# GET SHORTY Report 10-12



## PELAGIC PIRATE (Oct 10, 2007)

Left Sportsmans Marina at 8 pm friday and went long to the first stop at a spot several miles south of the double nipple . Found the weedline right away and along with it the most of the tourney fleet . We messed around with the line and made killer bait and saw a few mahi . We trolled but it kind of sucked so we said screw this and pointed it south. 

Along the way we found some other patches and worked those for a decent bull, a few super chickens and a nice triple tail but not much else.We make a few more awesome tuna baits and sailed on to the first of many rigs we would fish. As we got closer we began to see the water getting dirty and we felt like the conditions had changed from what Hiltons and roffs had forecasted. We continued on anyway and caught zero at the first rig so we had to make a decision to go way south or way west so south we went toward the Hub.

Ran the whole way there and got there 2 hours before dark and as we arrived we trolled to scope the scene for zero fish . Then we tried chunking and caught zero and we started to worry. We caught a few rainbow runners and then i caught the first yellowfin chunking which a small keeper fish. Then we caught a giant blackfin on the chunk. About 1 hr before dark the fish started busting and we got into position and landed 3 yellowfin on poppers as the sun faded out into the horizon. 

As our underwater lights started to get brighter in the fading light we started to get 100's of flyers all around the boat and then it just went off for 1 solid hour until the current totally slacked out. We caught several nice yellowfin on free lined flyers and poppers and several super giant mondo sized blackfin. We had tuna all under the boat and all around our lights as we drifted up to 1 mile off the rig. Most of the popper bites happened right at the boat and made for some crazy exciting spin rod fishing. In one hour we filled our box and decided that we better start slow boating back to the north and hit some rigs or lines the next day as we had plenty of tuna fish. 

I ran the boat all night with the rest of the sleeping and i cruised by 2 drill ships NW of Hub and caught a few blackfin but for the most part it was dead at night . At day break i went to bed and the crew took over and caught some nice bull dolphin on a line pretty far north of the drill ships. After that we high speed trolled toward some beeliner grounds and hooked up to a monster wahoo that peeled off two monster runs before coming unbuttoned.
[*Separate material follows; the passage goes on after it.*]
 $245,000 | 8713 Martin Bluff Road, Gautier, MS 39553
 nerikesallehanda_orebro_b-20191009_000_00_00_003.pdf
Bailed some nice beeliners and a nice scamp at one hole then moved in and caught some fish we had to release including some big amberjack that ate poppers on top in 145 feet of water. Shame we couldn't snapper fish out in fed waters as in two different places we saw snapper on top in over 140 ft and had them hit poppers . Eventually we ran into state waters late that night and got our limit of snappers in the underwater lights on live bait and spin tackle. Hit the dock at 1:30 am monday and slept in till the gas dock opened so we could clean our fish which took 2 hours with 3 guys :thumbsup:


Till next trip :thumbsup:


----------



## PELAGIC PIRATE (Oct 10, 2007)

more pics


----------



## PELAGIC PIRATE (Oct 10, 2007)

additional pics


----------



## Bodupp (Oct 3, 2007)

Great report. That's a huge blackfin! And is that a cookie cutter bite on that bull?


----------



## PELAGIC PIRATE (Oct 10, 2007)

Bodupp said:


> Great report. That's a huge blackfin! And is that a cookie cutter bite on that bull?



As for the blackfin : i have never caught so many monster sized ones as we did that night with some pushing 30 plus pounds i was for sure some may be bigeye but it seems not the case. Prob cause that rig is 140 miles offshore and most people headed out there are not blackfin fishing and or keeping any they get to grow there.

As for the dolphin , yes it had a cookie cutter bite as did two of our tuna , guess the sharks are hungry right now.


----------



## sniperpeeps (Mar 5, 2011)

Great report, looks like a lot of fun!


----------



## Kim (Aug 5, 2008)

Awesome report and an epic fishing trip. IMO nothing beats taking game fish on spinning gear throwing poppers. swimmers and stickbaits. I could feel a tingle of your rush, thanks for posting.


----------



## MSViking (Oct 11, 2007)

You guys are hard core! Some of your pictures look like a mafia hit scene gone bad! Glad you were able to chip out a few fish. It's getting crazy when we run all the way to the Hub and still struggle to catch keeper tuna. Seems like it used to be that if you ran to Horn your guaranteed a limit of YF, now you need to go the Green Canyon!

Hopefully we will get the traditional hot white marlin bite around the nipple in a few weeks.

See you around the docks soon.

Robert


----------



## PELAGIC PIRATE (Oct 10, 2007)

MSViking said:


> You guys are hard core! Some of your pictures look like a mafia hit scene gone bad! Glad you were able to chip out a few fish. It's getting crazy when we run all the way to the Hub and still struggle to catch keeper tuna. Seems like it used to be that if you ran to Horn your guaranteed a limit of YF, now you need to go the Green Canyon!
> 
> Hopefully we will get the traditional hot white marlin bite around the nipple in a few weeks.
> 
> ...



Your so right Robert ; and if I had the time and our boat had the legs I would go to green canyon just for the sake of exploration and adventure 

I had never been to hub and wanted to go just to see it . Turned out to be the spot for the right 2 hrs out of 60 we fished .


----------



## PELAGIC PIRATE (Oct 10, 2007)

Kim said:


> Awesome report and an epic fishing trip. IMO nothing beats taking game fish on spinning gear throwing poppers. swimmers and stickbaits. I could feel a tingle of your rush, thanks for posting.


IMO as well I'd rather catch fish small or big on spin tackle 

Having them busting in your UW Lights is just unreal😄


----------



## jcasey (Oct 12, 2007)

Awesome ! thanks for posting your report. I am totally a rookie at that type of fishing but I sure do enjoy reading the posts and seeing whats caught.


----------



## BlueWaterWarrior (May 28, 2015)

Another fantastically, compelling report. Never get tired of reading about these epic trips and you guys don't give up.


----------



## Don White (Oct 8, 2007)

That is how you post a report! Congrats on the fish.....you never dissapoint.


----------